MilanStaffehl / numdantic

Typing support for numpy arrays and numpy array validation with pydantic.
MIT License
2 stars 0 forks source link

Write protocol class for `numpy.ndarray` #48

Open MilanStaffehl opened 3 months ago

MilanStaffehl commented 3 months ago

The numpy.ndarray class has an invariant shape parameter. While there is a PR at the numpy repo that will make it covariant, this change will probably not be backported, so we are still stuck with an invariant shape in all versions prior to this change.

As a result, assignements such as the following are causing type checking errors:

from numdantic import NDArray
import numpy as np

x: NDArray[tuple[int, int], np.int32] = ...
y: NDArray[tuple[int, ...], np.int32] = x  # <-- error: Incompatible types in assignment

This is despite the fact that tuple[int, int] is a valid subtype of tuple[int, ...], but since the shape parameter is invariant, the assignment is still rejected. The "easiest" way I see to circumvent this problem is to create a protocol class for the numpy.ndarray class which has a covariant shape as type parameter.

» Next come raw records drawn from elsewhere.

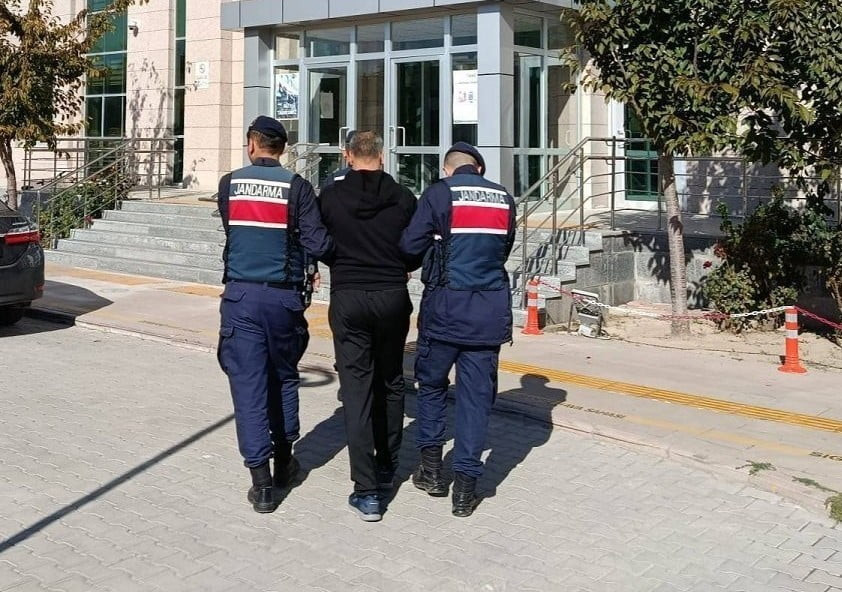 KONYA’NIN ÇUMRA İLÇESİNDE YABANCI UYRUKLU ŞAHISLAR ARASINDA ÇIKAN SİLAHLI KAVGADA 1 KİŞİ HAYATINI...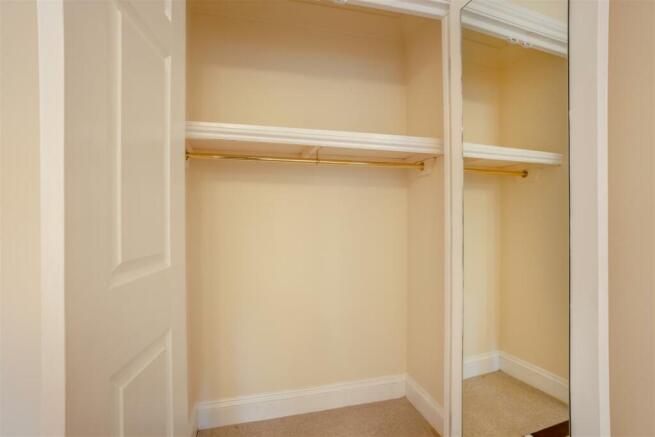 8608778-interior12.jpg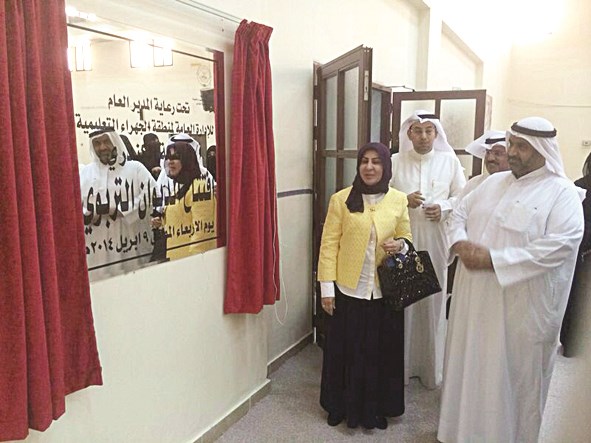 وامام اللوحة التذكارية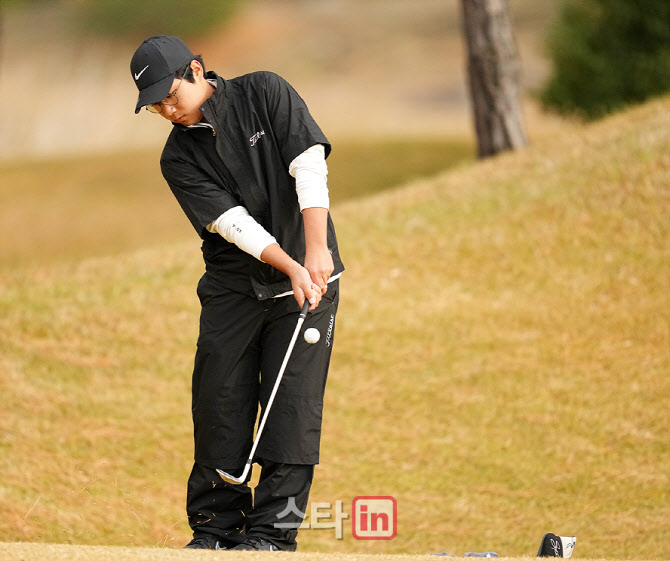 [포토]김민준,간결한 어프로치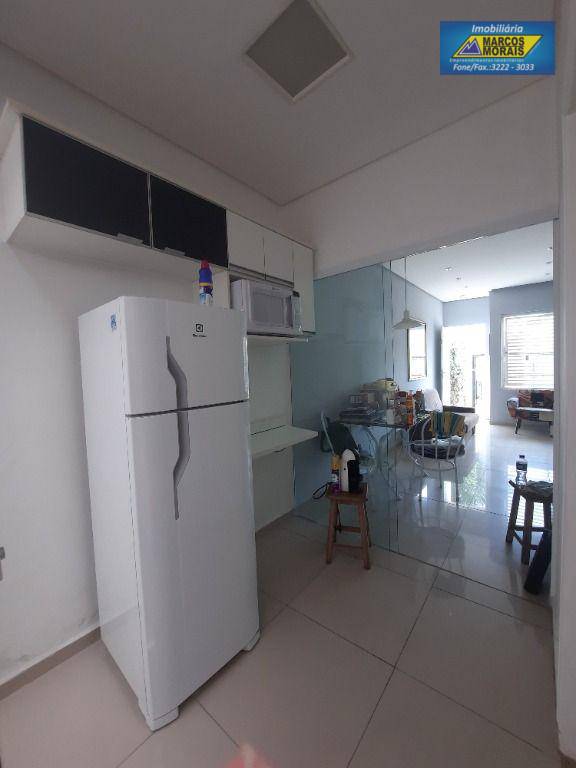 Casa para alugar com 2 quartos, 62m² - Foto 19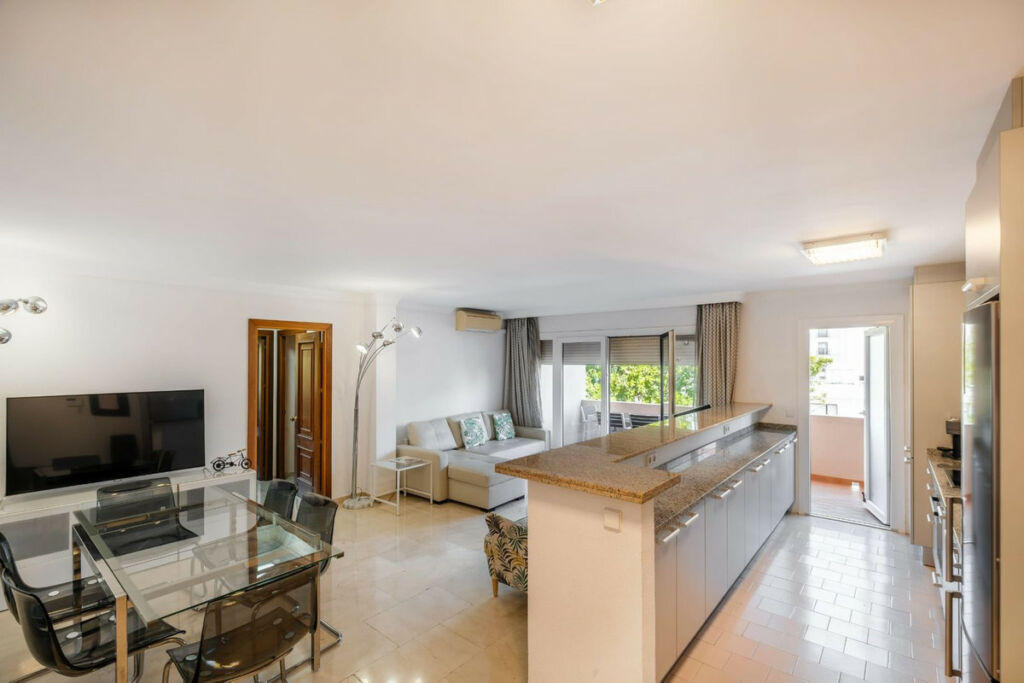Middle Floor Apartment Nueva Andalucía Málaga - image 4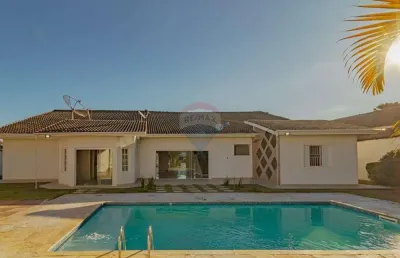 Casa térrea a venda em atibaia - sp -no bairro jardim paulista com um apartamento anexo.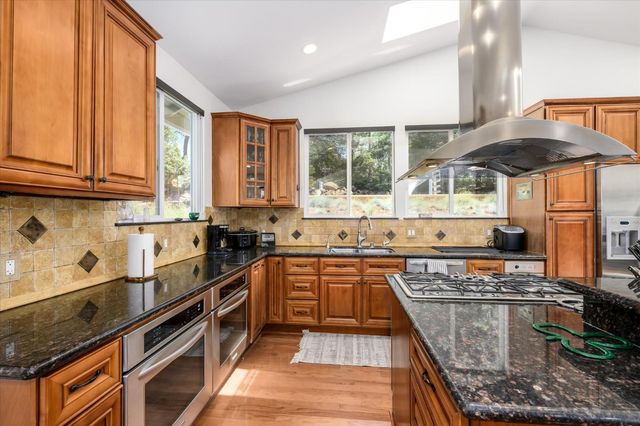 1601 Velvet Horn Ln, Rescue, CA 95672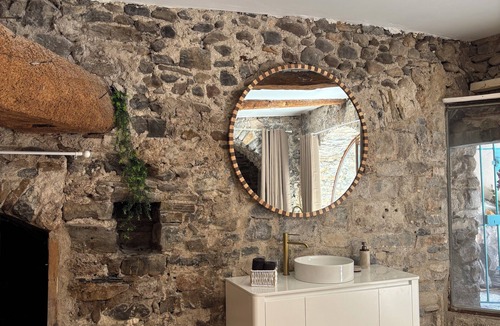 Anduze Apartment | Écrin Caché suite with pool table and island bath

To perfectly mimic the entire interface of the class, this would require a lot of boilerplate. However, this would ensure that types behave as intended and would get rid of the problem of being unable to mix int, Literal and named axes in shapes, while maintaining the type safety that using ndarray directly has.

MilanStaffehl commented 2 months ago

The numpy PR for making shape covariant has been merged and is scheduled to be released with numpy 2.1.0, so this can be included immediately as well.